**TASK DESCRIPTION:** Write out all of the records precisely. Skip anything that is a picture.

**DATA FOR REVIEW:**
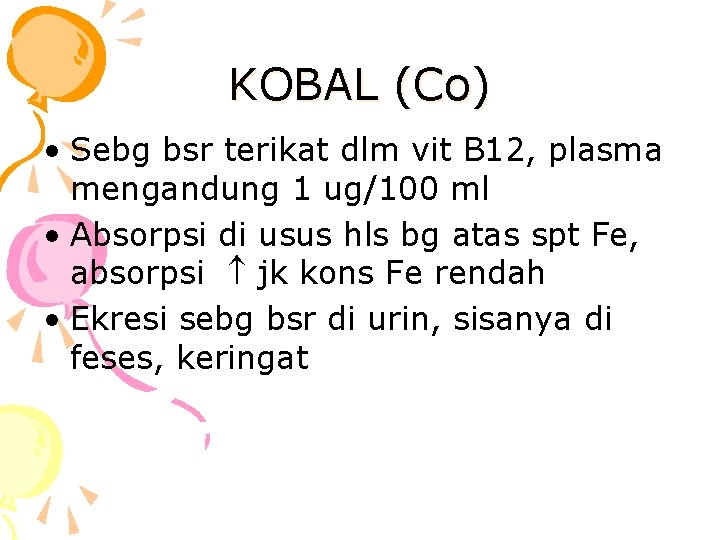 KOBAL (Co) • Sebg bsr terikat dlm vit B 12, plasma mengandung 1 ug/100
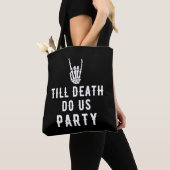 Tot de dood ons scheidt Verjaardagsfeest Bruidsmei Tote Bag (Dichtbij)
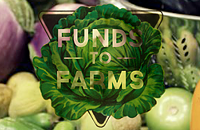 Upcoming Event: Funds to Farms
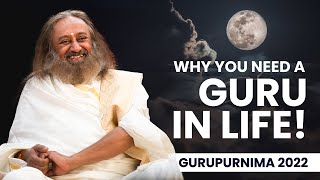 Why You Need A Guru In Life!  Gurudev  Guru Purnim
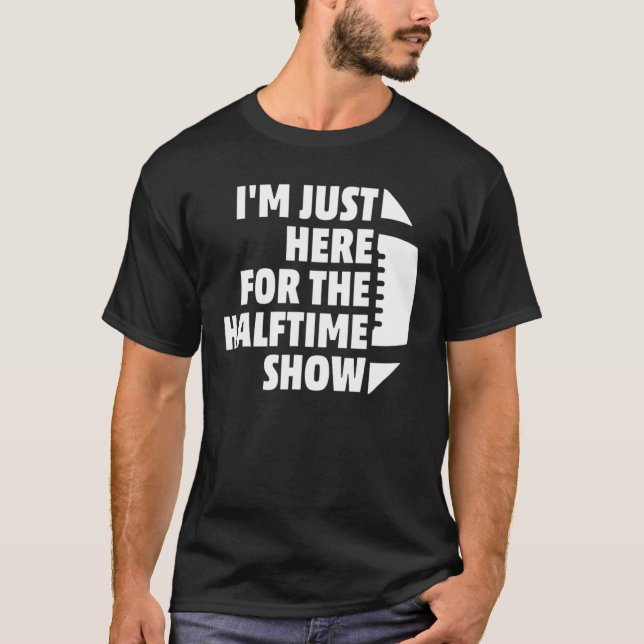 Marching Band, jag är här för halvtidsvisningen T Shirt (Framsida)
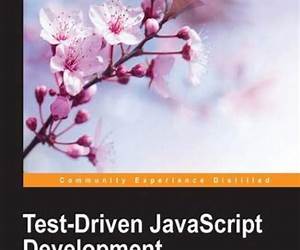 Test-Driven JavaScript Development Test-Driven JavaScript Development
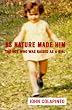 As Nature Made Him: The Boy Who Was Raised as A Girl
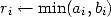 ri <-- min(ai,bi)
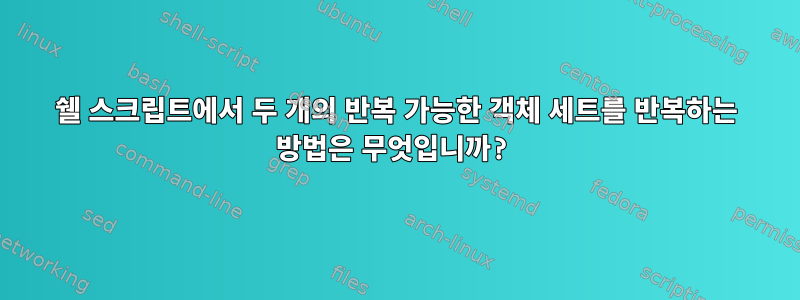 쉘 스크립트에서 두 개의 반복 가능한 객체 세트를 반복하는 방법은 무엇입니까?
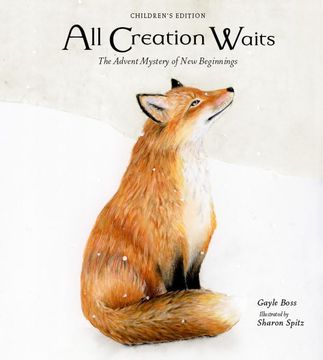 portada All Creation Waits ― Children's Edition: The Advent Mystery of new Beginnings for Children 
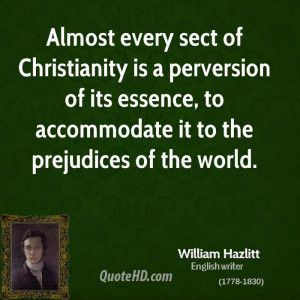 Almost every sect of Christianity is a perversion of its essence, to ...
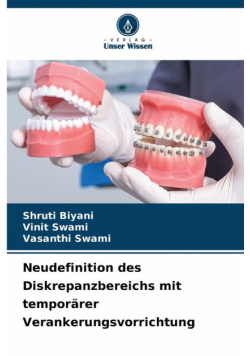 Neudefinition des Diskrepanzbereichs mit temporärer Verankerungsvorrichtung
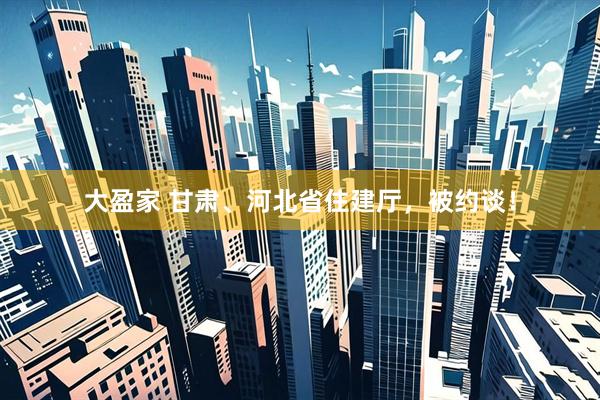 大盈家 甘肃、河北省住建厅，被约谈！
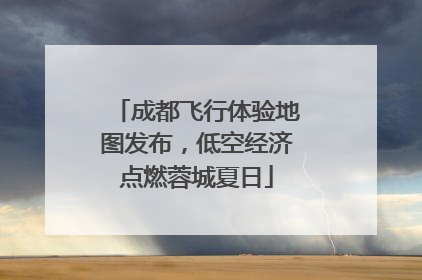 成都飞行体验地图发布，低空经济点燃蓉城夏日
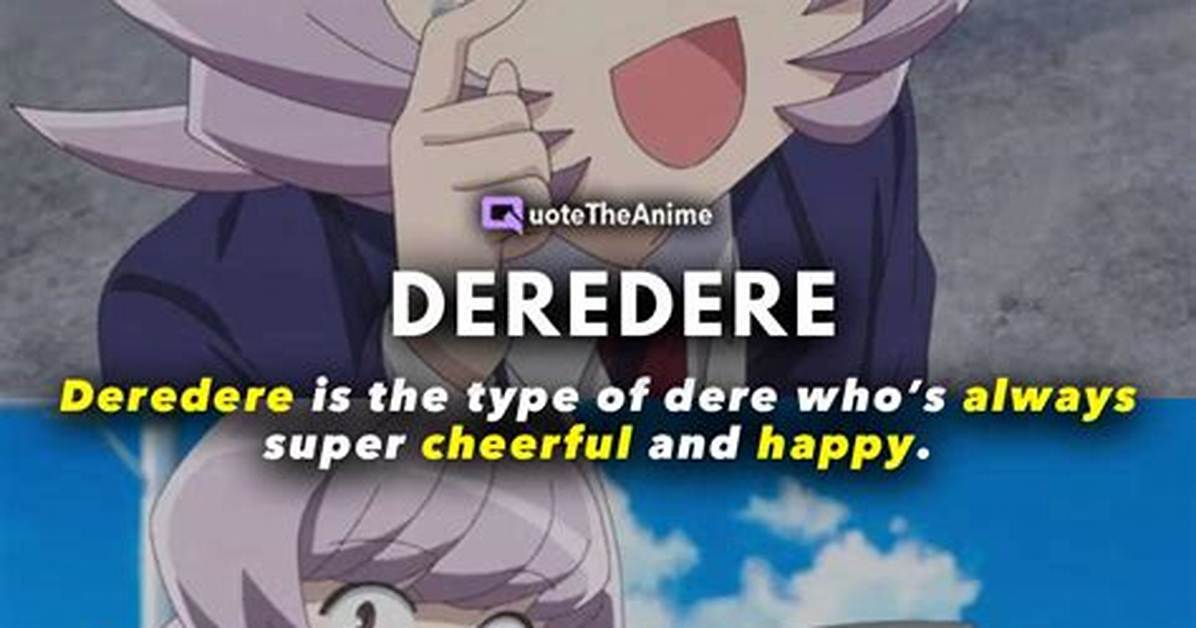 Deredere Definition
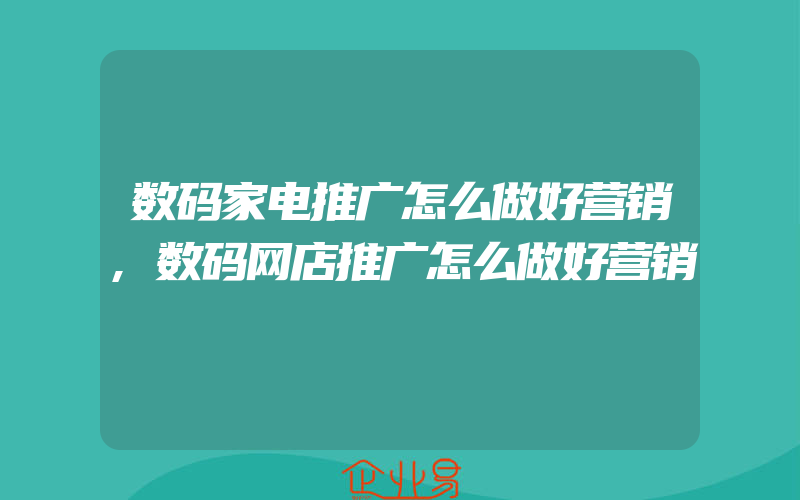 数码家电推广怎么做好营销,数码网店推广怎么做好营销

**OUTPUT OF THE EXERCISE:**
 KOBAL (Co) • Sebg bsr terikat dlm vit B 12, plasma mengandung 1 ug/100
 Tot de dood ons scheidt Verjaardagsfeest Bruidsmei Tote Bag (Dichtbij)
 Upcoming Event: Funds to Farms
 Why You Need A Guru In Life!  Gurudev  Guru Purnim
 Marching Band, jag är här för halvtidsvisningen T Shirt (Framsida)
 Test-Driven JavaScript Development Test-Driven JavaScript Development
 As Nature Made Him: The Boy Who Was Raised as A Girl
 ri <-- min(ai,bi)
 쉘 스크립트에서 두 개의 반복 가능한 객체 세트를 반복하는 방법은 무엇입니까?
 portada All Creation Waits ― Children's Edition: The Advent Mystery of new Beginnings for Children 
 Almost every sect of Christianity is a perversion of its essence, to ...
 Neudefinition des Diskrepanzbereichs mit temporärer Verankerungsvorrichtung
 大盈家 甘肃、河北省住建厅，被约谈！
 成都飞行体验地图发布，低空经济点燃蓉城夏日
 Deredere Definition
 数码家电推广怎么做好营销,数码网店推广怎么做好营销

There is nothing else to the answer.